The Trump administration is running the scoreboard right now, and if you're keeping track at home, the FCC is deep inside ABC's filing cabinets while the Justice Department is fitting James Comey for an indictment over a seashell art post. Two of the left's most sacred institutions — their propaganda network and their sainted FBI chief — getting walloped in the same news cycle. You love to see it.
But wait, I thought questioning the media was a "threat to democracy"? Funny how that works. They spent years weaponizing every three-letter agency against us, and now that the shoe's on the other foot, suddenly everyone's a civil libertarian.
FCC Chairman Brendan Carr launched a formal inquiry into ABC's broadcast licenses covering stations in New York, Chicago, and Los Angeles — the crown jewels of their network.
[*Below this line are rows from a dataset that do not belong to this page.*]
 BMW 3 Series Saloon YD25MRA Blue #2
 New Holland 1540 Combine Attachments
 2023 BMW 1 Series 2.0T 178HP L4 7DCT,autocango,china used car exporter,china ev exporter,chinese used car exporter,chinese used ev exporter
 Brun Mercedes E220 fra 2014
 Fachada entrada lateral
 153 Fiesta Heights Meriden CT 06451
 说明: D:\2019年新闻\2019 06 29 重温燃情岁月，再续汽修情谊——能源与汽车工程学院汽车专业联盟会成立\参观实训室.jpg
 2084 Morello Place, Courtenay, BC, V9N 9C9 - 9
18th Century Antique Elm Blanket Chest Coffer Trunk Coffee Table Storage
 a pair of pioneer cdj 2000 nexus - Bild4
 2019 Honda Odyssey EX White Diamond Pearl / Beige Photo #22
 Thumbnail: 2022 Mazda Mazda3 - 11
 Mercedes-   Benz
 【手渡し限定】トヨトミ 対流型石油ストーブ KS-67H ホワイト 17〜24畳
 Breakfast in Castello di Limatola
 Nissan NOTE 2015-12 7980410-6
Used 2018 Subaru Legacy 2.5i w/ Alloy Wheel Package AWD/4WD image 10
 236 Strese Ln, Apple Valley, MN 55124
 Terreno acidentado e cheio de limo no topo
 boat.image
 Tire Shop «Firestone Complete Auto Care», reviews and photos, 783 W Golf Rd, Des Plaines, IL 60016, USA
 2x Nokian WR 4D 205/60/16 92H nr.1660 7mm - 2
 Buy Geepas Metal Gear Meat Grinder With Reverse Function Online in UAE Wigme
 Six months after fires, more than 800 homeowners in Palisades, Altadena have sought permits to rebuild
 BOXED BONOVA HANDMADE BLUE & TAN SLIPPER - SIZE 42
The whole thing started with a filing related to KTRK, ABC's Houston affiliate, but it's mushroomed into a full-blown examination of whether "The View" has been violating equal-time rules for decades. ABC has already coughed up 11,000 documents in response. Eleven thousand. That's not a network with nothing to hide — that's a network scrambling to explain itself.
Here's where it gets fun. ABC is now arguing in legal filings — with former solicitor general Paul Clement leading the charge — that "the commission's actions threaten to upend decades of settled law and practice and chill critical protected speech." Translation: we've been getting away with this for so long that holding us accountable now feels unfair.
"The View" received a news exemption back in 2002, five years after Barbara Walters founded the show in 1997. A "news exemption." For a show where Whoopi Goldberg and Joy Behar spend an hour shrieking about Republicans between yogurt commercials. That's the exemption Carr's team is now poking holes in, and frankly, it's about time somebody did.
The last time the FCC actually revoked a broadcast license was over half a century ago. So the media establishment figured they were untouchable. Brendan Carr apparently didn't get that memo.
Meanwhile, on the other side of Washington, the Trump Justice Department dropped another indictment on former FBI Director James Comey. This one's over the now-infamous seashell art posting — an arrangement spelling out "86 47," which prosecutors argue was a threat against the 47th president. Comey — Mr. "Higher Loyalty" himself — is now lawyering up over arts and crafts.
Former federal prosecutor Andy McCarthy, writing for National Review, actually thinks the case is a stretch. "Sure, Comey plainly did not intend to threaten bodily harm," McCarthy wrote, adding that "the case must be thrown out pretrial because '86 47' is not a true threat." He may be right on the legal merits. But here's the thing — the same crowd that spent four years prosecuting grandmothers for walking through velvet ropes on January 6th doesn't get to cry about prosecutorial overreach now. You built this machine. You don't get to complain when somebody else drives it.
And let's not forget the backdrop here. ABC and CBS each paid $16 million to settle lawsuits related to their coverage. Pentagon reporters got booted for refusing advance censorship. The administration invited JD Vance, Robert F. Kennedy Jr., Lindsey Graham, Josh Hawley, Elon Musk, Kevin McCarthy, and Marco Rubio onto "The View" — every single one refused. That's not a news show getting snubbed. That's a propaganda outlet being treated like one.
As Fox News media analyst Howard Kurtz noted, this represents a new phase in the administration's regulatory posture toward its critics. The FCC isn't just sending strongly worded letters anymore. They're demanding documents. They're questioning exemptions. They're doing the thing that Democrats perfected under Obama and Biden — using the machinery of government to apply pressure — except this time the targets actually deserve it.
Comey spent years leaking classified memos to reporters and orchestrating a surveillance operation against a sitting president. Now he's catching charges over Instagram decor. The irony is so thick you could spread it on toast.
The left had no problem when the IRS targeted Tea Party groups. They cheered when the FBI raided Mar-a-Lago. They applauded when tech companies censored conservative voices at the government's request. But now? Now that ABC's turning over filing cabinets and Comey's getting fitted for a court date? Suddenly the Constitution matters again.
Welcome to the party, folks. We saved you a seat.